Bill and Ted Face the Music (2020)
I want a time machine to go back and assemble a team of history's most mediocre screenwriters...they would still come up with a better script than this unfunny nostalgia cash in.

Cobra Kai (Season 4)
Speaking of nostalgia cash-ins, here's how you do one right. Each season is basically its own 4-hour movie riffing on the original trilogy. While they're diminishing returns as they focus more and more on new characters, this is still just a damn smart revamp.
 
The 355 (2022)
This is basically a TNT made for tv wannabe action spy flick movie. The characters are bland and predictable as is every twist in the plot. I honestly never really knew what the main plot was. The choreography of action scenes is non existant. It's just flat out bad. 1/10
 
A triumvirate of movies that would be bad for Valentine's Day:
The Crying Game (1992)
I feel like not living in the UK and not living in 1992 have made it impossible to connect with this one. Its sentiments are admirable, but it was impossible for me to conceive of how anyone was surprised by the twist, leaving a stiff and awkwardly-plotted film.

The Ghost Writer (2010)
Roman Polanski's film which seems set up to be a neo-noir love quadrangle but devolves into an overblown political spy thriller. I actually quite liked it for most of the runtime, but Polanski re-wrote the ending quite obviously and poorly.

Just Like Heaven (2005)
The most typical rom-com V-day watch, this is a film I would normally claw my eyes out before paying attention to, but the strength of the cast almost made it bearable. Also, hope you like the Cure song, cuz you're gonna hear it every twenty minutes.
 
Unknown (2011)
I forgot most of this movie. It's ok but nothing special. If you like Liam Neeson action flicks, you'll most likely like this movie.

Non-Stop (2014)
A bit more substance to this one when the mystery is revealed. It feels convoluted along the way though. Again, if you like Liam Neeson action flicks you'll most likely like this one too. Seeing Lupita Nyong'o in a tertiary role was a bit frustrating, seeing how she had just won an Oscar for best supporting actress in 12 Years a Slave which released a year before this movie.
 
^of all Neeson's old man actioners, I'd been led to believe that those by Jaume Collet-Serra were a cut above, that is: Unknown, Run All Night, Non-Stop, and The Commuter.

Morbius (2022)

Yeah, the negative hype around this is well-earned, though not for Leto himself, who actually turns in what I think would be a very solid lead performance if the rest of the film around him weren't so unspeakably mismanaged. Opposite him, Matt Smith comes off better because his ridiculous overblown energy later in the film matches the movie's absurdity.

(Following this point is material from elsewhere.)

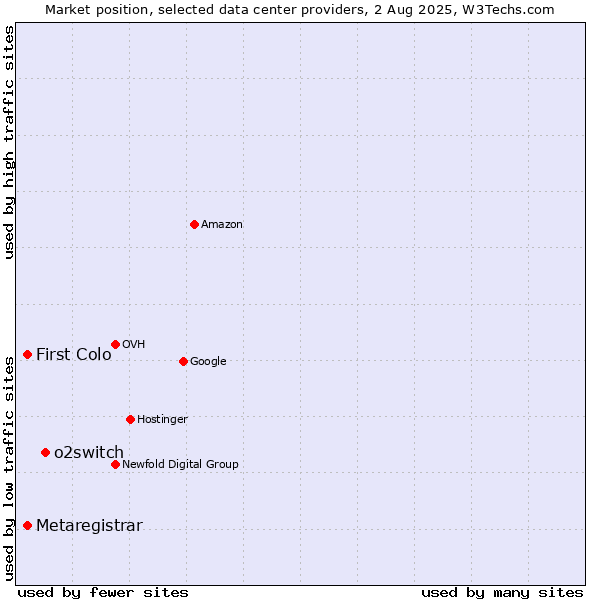 Market position of o2switch vs. First Colo vs. Metaregistrar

The Power of the Dog (2021)
I appreciated The Piano more than actually liked it, and the same can be said here, only less so. I just do not connect with Campion's particular version of feminism, which seems to rely on all male characters being different varieties of Scumbag. Her "characters" are mere ideas of people.

What If? (2021)
Marvel's animated mini-series managed to get an astounding number of the MCU actors back to reprise alternate versions of themselves. Sadly, they didn't get any of the writers back, and the stories here are (for the most part) the kind of geeky comic book pablum that makes cinephiles write off comic book movies as something for teenagers and nerds. Chadwick Boseman's last performance goes out on a high note, however.
 
The Matrix: Resurrections (2021)
Well, for all of its cringeworthy moments, poor dialogue, SLOW MO to the max, and too zoomed in fights that weren't close to the original trilogy's choreography.......I loved it. I smiled, I laughed and I stood on the edge of my seat. Is this the same caliber as The Matrix or Reloaded? No. Does it expand the story in an intriguing way? Yes. If you love nostalgia and a fresh continuation that isn't perfect, but captured everything you had hoped for for the two stars of the original trilogy, this is near perfect story wise. I wasn't a fan of the motorcycle scene at the end and that last scene was a bit too on the nose. The story is definitely better than the movie, but I enjoyed it and will probably return to it in an edit some time in the future. 6.5/10
 
The Maltese Falcon (1941)
Hmmm, perhaps I just don't get this one. I didn't find it compelling and often lost interest and started to multi task. I'm not the biggest Bogart fan, but I really enjoy him in Treasure of the Sierra Madre, High Sierra, Dark Passage, and The African Queen. For me, this movie just was flat out dull. Peter Lorre is the typical eccentric character he usually plays, Bogey is the cold heartless character he usually plays and everyone else is simply forgettable. This is definitely not the stuff that my dreams are made of.......4/10

Trying Casablanca next.
 
The Last Black Man in San Francisco (2019)
I was pretty hype for this movie as a kind of hip indie I could promote, which I love doing. But go figure, it's more like a pretentious hipster indie, all deliberate style, and (for me) not really a clear idea of what it's trying to say.

The Wave (2019)
Otoh, here's an indie film from the same year that got about zero attention. I found it nearly as pretty, with actually a better cast, and with a much tighter script and a very clear idea of its theme and point-of-view. But it's Sci-Fi, so film critics automatically count it as less-than.

GATE (2015)
A one-season anime that has an interesting premise (modern tech vs fantasy world) but ends up being kinda creepy and very much a propaganda piece.
 
Dune (2021)
I don't often use the word beautiful to describe a movie, but there is a beauty in this movie that I have rarely ever witnessed in this medium. The beauty is not that it's overly gorgeous or desirable, but rather that it is orchestrated in such a way as to pull you in completely so that you feel what you are watching and believe that it is real. The previous film I felt this about was Blade Runner 2049. Denis Villeneuve is a master of visual story telling. This collaboration between he and Zimmer is a sensational masterpiece so far. Yes, I'm only an hour into this one. Couldn't wait to share thoughts on it.